I help her administer medications. She has some regular pills she takes, which we crush and dissolve in water and inject through her feeding tube. Feeding tubes sound invasive, but hers is just this little rubber hose with a nozzle on the end that goes into her belly, held in place by a plastic disc. I insert the end of another plastic tube into the nozzle, and formula flows through from a bag containing formula -- like what babies get but formulated for adults. She does feedings twice a day, napping and watching tv, or checking email while she is nourished.

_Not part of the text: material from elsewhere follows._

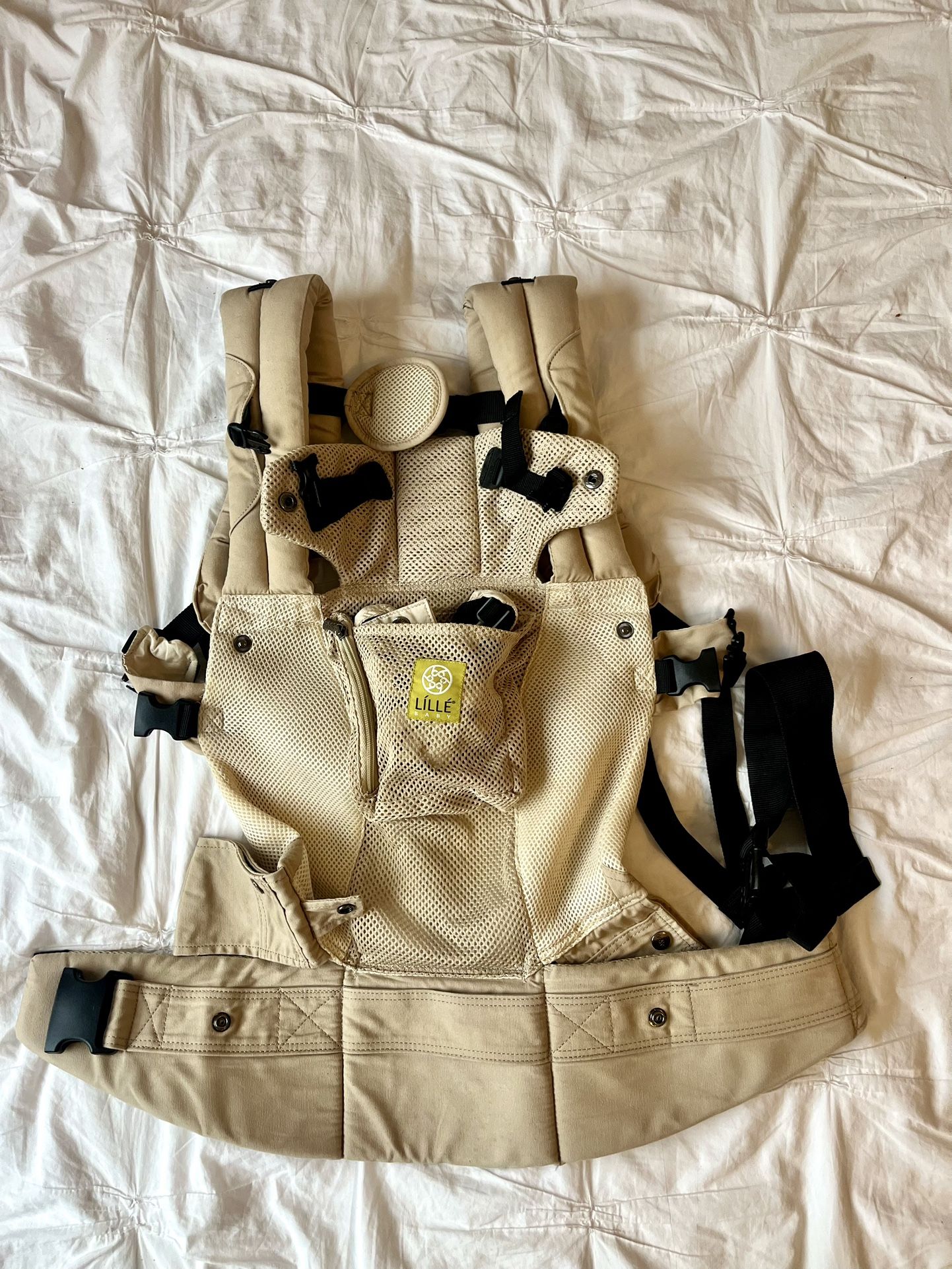 LÍLLÉbaby Complete Airflow Ergonomic 6-in-1 Baby Carrier Infant to Toddler with Lumbar Support (7-45 Pounds), 360 Degree Baby Wearing, Inward and Outw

I help her get her biPap machine on -- her arms have recently grown very tired, and when she tries to pull the headstraps back over her head, sometimes she has to stop to rest because it is so exhausting. I help get the back part, and she positions the nose piece. Although she prefers to have Jim help her with her most personal bodily needs, sometimes I help her to use the bathroom. They installed an expensive, un-insured piece of equipment in their bedroom and bathroom which is the primary reason she is not in a nursing home: an electric lift. With the push of a button, we lift her in her sling out of her wheelchair and slide the sling along a track in the ceiling so that she can then be lowered onto the toilet, or between her chair and bed. The only time she gets into bed is to have a sponge bath. It's too hard for her to sit up on the shower chair they were able to use for many months.

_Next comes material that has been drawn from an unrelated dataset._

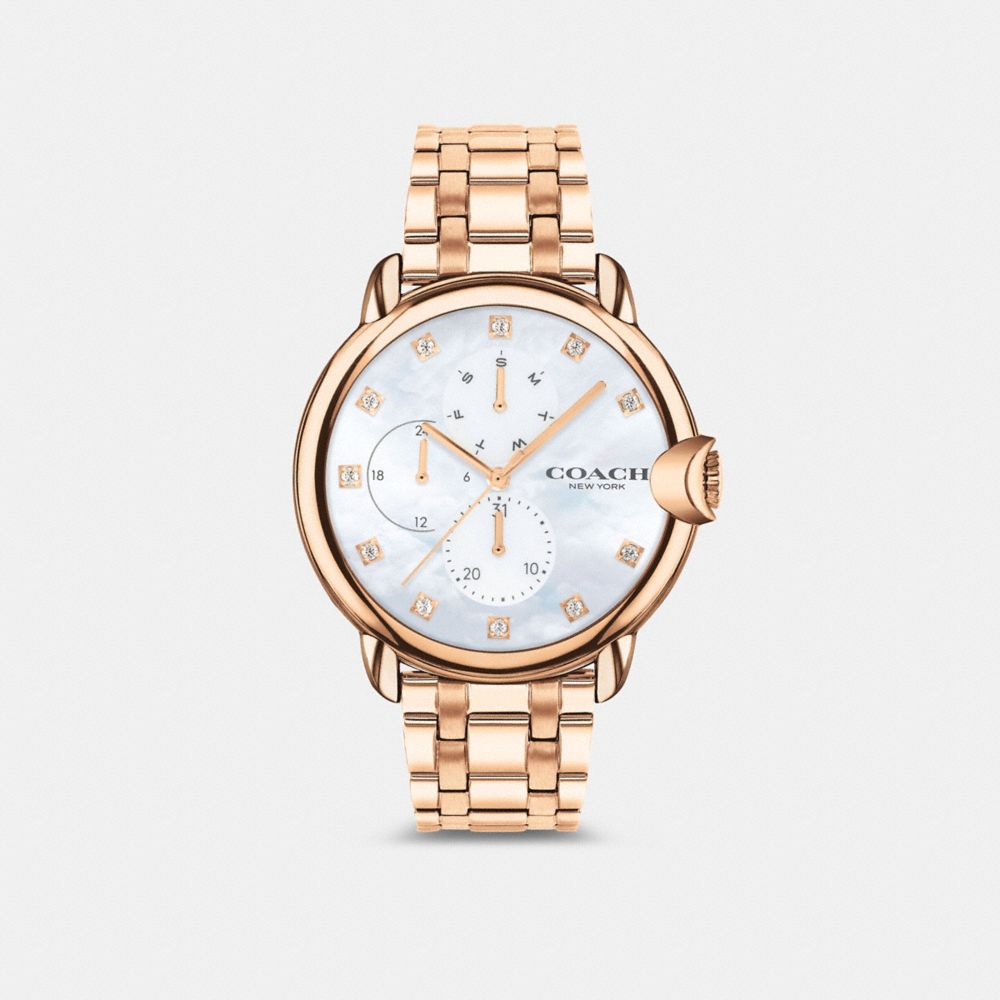 Coach rose hot sale gold watch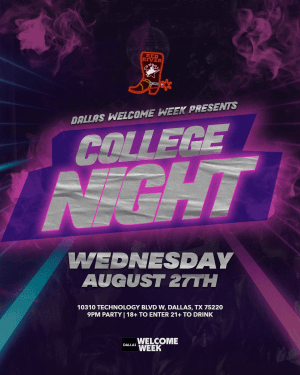 (18+) WELCOME WEEK: COLLEGE NIGHT 8/27 @ RED RIVER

I also help her use these foam swabs to apply a medication inside her mouth, because she has thrush -- a yeast overgrowth caused by being immunocompromised and unable to swallow. It's also exacerbated by the nebulizer treatments she has to do to maximize her airways. I help her with the nebulizer and this thing called "the vest," which provides percussive rattling to her ribcage to loosen up secretions that build up because she cannot effectively cough.

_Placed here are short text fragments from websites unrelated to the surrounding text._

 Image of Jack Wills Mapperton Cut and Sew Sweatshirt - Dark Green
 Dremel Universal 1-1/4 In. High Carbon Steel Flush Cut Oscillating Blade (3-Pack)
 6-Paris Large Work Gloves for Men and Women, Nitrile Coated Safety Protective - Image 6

I give my mother morphine and ativan to help calm her body and make breathing feel like less of a struggle. My mother does not want to go onto a ventilator, and her particular course of illness is causing her diaphragm to be slowly paralyzed, which will eventually stop her breathing. Her lungs are healthy; she could get pneumonia from aspirating liquids, but more likely her perfectly healthy lungs will become nearly motionless. She will stop being able to pull oxygen into them and expel carbon dioxide from them. She will go into a deep sleep and then she will die, and I will miss her terribly.
So, I have put my life on hold. Holding implies an uninvited pause -- an in-between space. Sometimes it feels like the opening scenes of The Graduate, where Dustin Hoffman is gliding along a people mover inside an airport -- in between terminals, in between college and real life, floating along, in between. Being on hold with health insurance companies and healthcare subcontractors has been a major activity of mine since my mother became unable to be understood on the phone, and it is sometimes frustrating. Some days feel like that, like when I'm sitting at home in Cambridge in my pajamas, wondering if I should be doing something different than watching reality tv and folding laundry.
Other times, when I make my mother laugh,
or she types into her iPad something really helpful like, "I need you, but your family needs you too. Go home to them" -- I feel the other sense of hold. I feel held by her love, even as she grows weaker. And I know that my love -- and the love of her partner, my sister, and her dear friends -- are holding my mom. This cocoon that illness has woven for us blocks out the light, but it also sustains us.